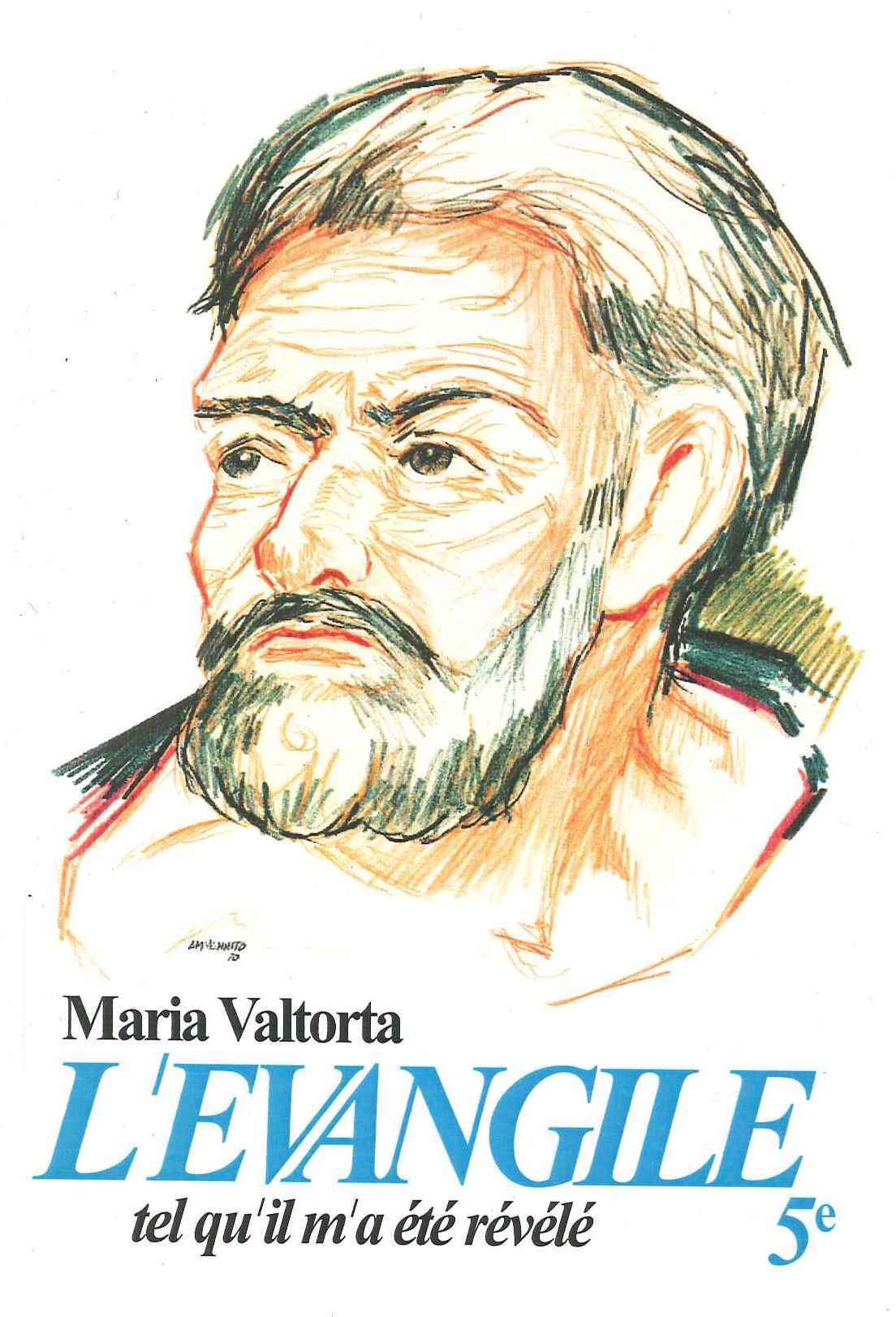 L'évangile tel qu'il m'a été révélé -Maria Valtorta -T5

---

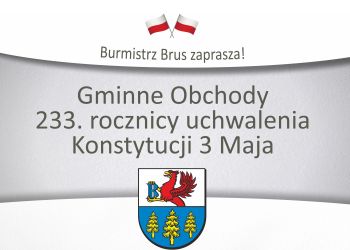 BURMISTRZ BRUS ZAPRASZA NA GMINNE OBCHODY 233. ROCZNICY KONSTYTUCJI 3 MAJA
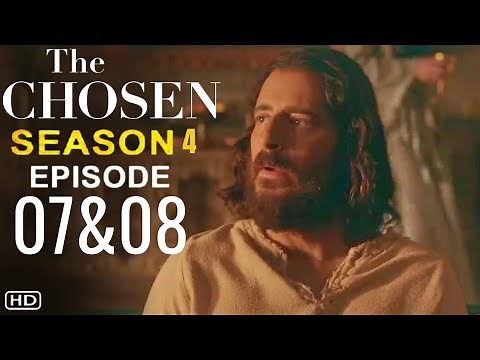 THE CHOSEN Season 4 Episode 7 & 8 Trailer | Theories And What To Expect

**HOW TO COMPLETE THIS TASK**
Every line above in the stretch from the one with "BURMISTRZ BRUS ZAPRASZA" through the one with "THE CHOSEN Season" is to be transcribed exactly, ends included. No picture is copied.

**EXERCISE SOLUTION**
 BURMISTRZ BRUS ZAPRASZA NA GMINNE OBCHODY 233. ROCZNICY KONSTYTUCJI 3 MAJA
 THE CHOSEN Season 4 Episode 7 & 8 Trailer | Theories And What To Expect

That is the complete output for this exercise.